Das Wichtigste in Kürze
- Die Schweiz hat Irans Botschafter wegen der Gewalt gegen die Proteste einbestellt.
- Man habe auch die «entschiedene» Ablehnung der Todesstrafe bekräftigt.
- Laut der Regierung gab es bei den Protesten 2500 Tote, laut Aktivisten fast 3500.
Die Schweiz hat am Donnerstag den iranischen Botschafter in Bern einbestellt. Sie brachte diesem ihre «grösste Besorgnis» über die Gewalt der iranischen Sicherheitskräfte zum Ausdruck und bekräftigte ihre «entschiedene» Ablehnung jeglicher Todesstrafen.
Mit dieser Einberufung wollte das Eidgenössische Departement für auswärtige Angelegenheiten (EDA) zum Ausdruck bringen, dass man solche Gewalt nicht verstehe und noch nie so viele Tote in so wenigen Tagen gesehen habe, wie Monika Schmutz Kirgöz dem Westschweizer Radio und Fernsehen RTS erklärte. Sie ist Leiterin der Abteilung Mittlerer Osten und Nordafrika (MENA) im EDA.

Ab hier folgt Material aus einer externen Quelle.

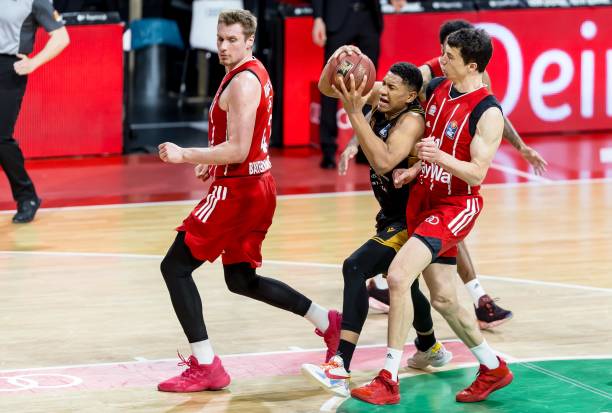 全队的进攻 全队的进攻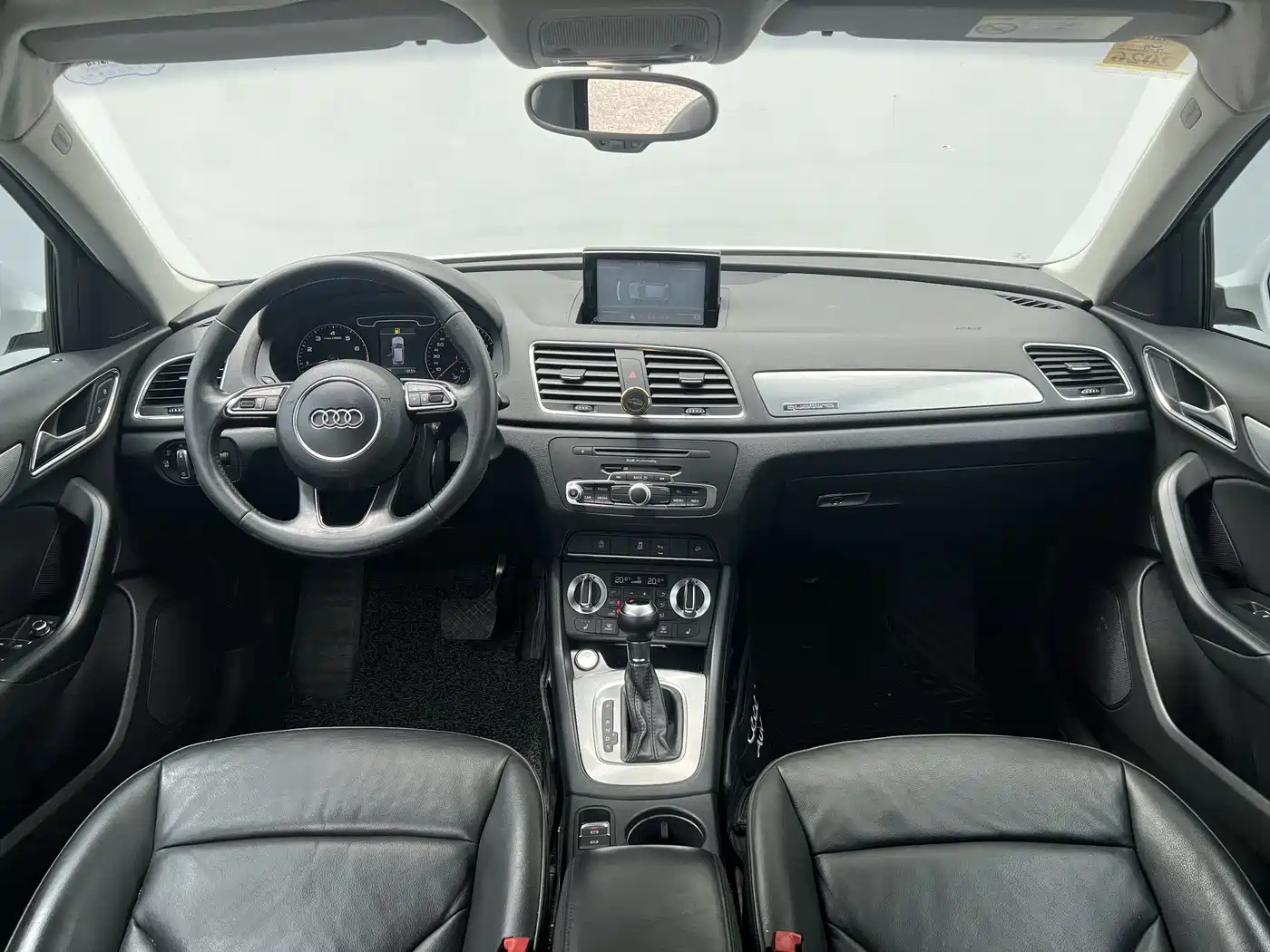 Audi Q3 2013 35 TFSI quattro Technology фото 6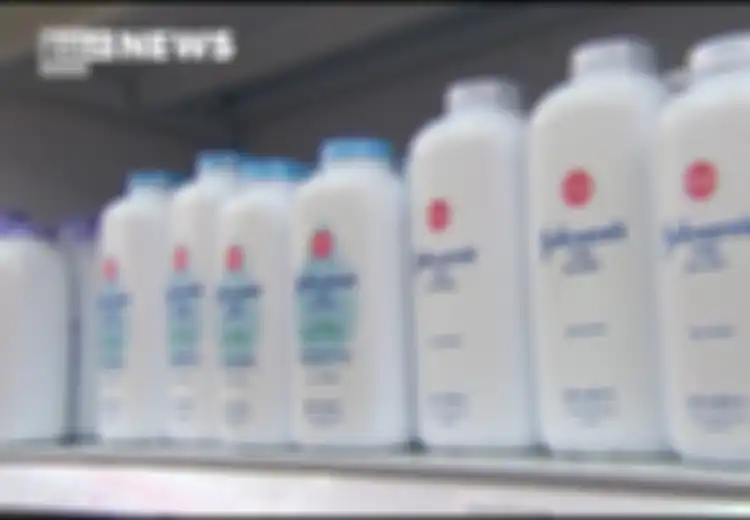 Selama Beberapa Dekade, Bedak Bayi 'Ikonik' Ini Ternyata Sengaja Sembunyikan Kandungan Berbahaya dari Produknya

Ihrer Aussage zufolge hat die iranische Regierung bestätigt, dass es seit Beginn der Protestbewegung «mehr oder weniger 2500 Tote» gegeben habe, während die in Norwegen ansässige Nichtregierungsorganisation Iran Human Rights (IHR) von fast 3500 getöteten Demonstranten spricht. Das sei «in so wenigen Tagen beispiellos», sagte die Diplomatin.

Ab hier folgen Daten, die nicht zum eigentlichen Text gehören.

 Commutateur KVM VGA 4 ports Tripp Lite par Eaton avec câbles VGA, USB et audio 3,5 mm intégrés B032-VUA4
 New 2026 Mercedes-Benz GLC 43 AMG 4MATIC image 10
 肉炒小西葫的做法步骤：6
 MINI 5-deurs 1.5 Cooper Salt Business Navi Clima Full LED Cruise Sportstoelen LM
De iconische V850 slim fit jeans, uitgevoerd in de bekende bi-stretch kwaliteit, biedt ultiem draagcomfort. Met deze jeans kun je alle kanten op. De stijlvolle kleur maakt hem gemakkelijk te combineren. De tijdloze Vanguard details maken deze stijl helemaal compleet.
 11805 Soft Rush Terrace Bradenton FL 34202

Die Schweiz hatte die iranischen Behörden bereits am Montag dazu aufgefordert, der Gewalt gegen die Demonstrierenden ein Ende zu setzen. Die Menschenrechte und die grundlegenden Freiheiten aller Protestierenden seien zu gewährleisten.

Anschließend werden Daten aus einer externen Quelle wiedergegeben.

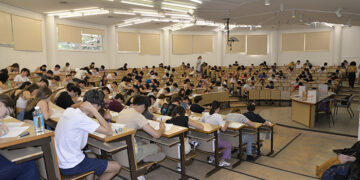 La EvAU arranca en la UCLM con normalidad y nervios entre los 9240 estudiantes preuniversitarios matriculados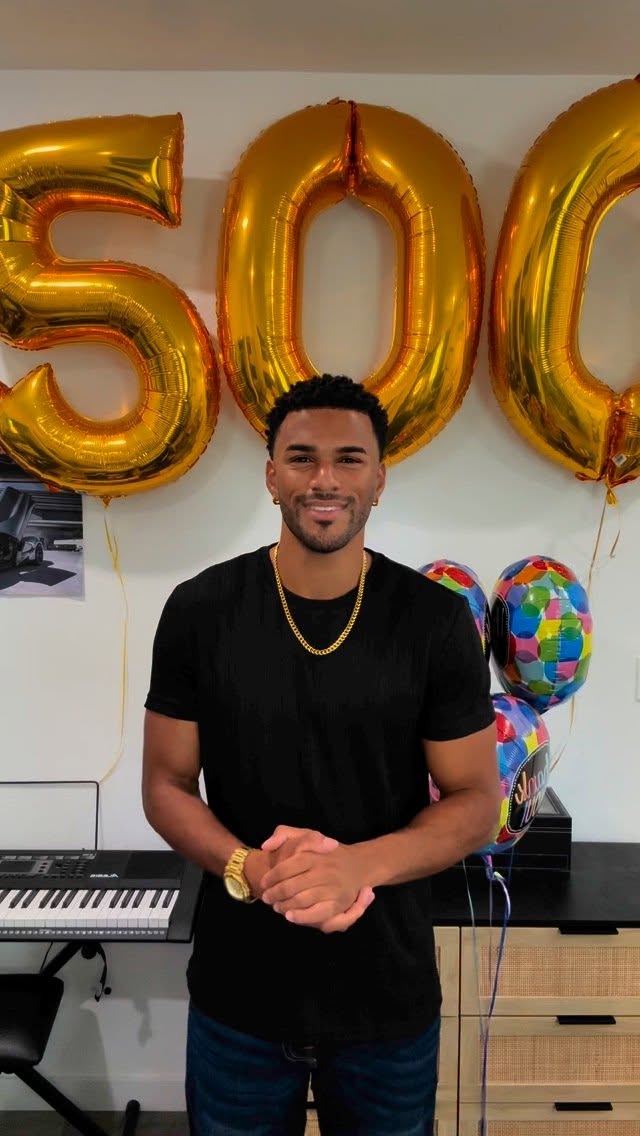 Jinkies! Who would’ve thought your boy would have half a million followers on here 🥲 Book club starts tomorrow 1pm!!!
Appreciate all the love ❤️
#loveisland #loveislandusa #teamjeremiah #loveislandjeremiah #loveislandseason7 #bookclub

Die Schweiz vertritt seit 1980 die Interessen der USA im Iran. Laut Schmutz Kirgöz ist der Kommunikationskanal offen und wird genutzt. «Wir wiederholen auch immer wieder auf beiden Seiten, dass wir zur Verfügung stehen», betonte die Verantwortliche des EDA.
In einem Telefongespräch mit dem Sekretär des Nationalen Sicherheitsrats im Iran, Ali Laridschani, bot auch der Sonderbeauftragte des Bundesrates für die USA, Gabriel Lüchinger, die Guten Dienste der Schweiz an, um zu einer Deeskalation beizutragen. Dies erfuhr die Nachrichtenagentur DPA vom EDA.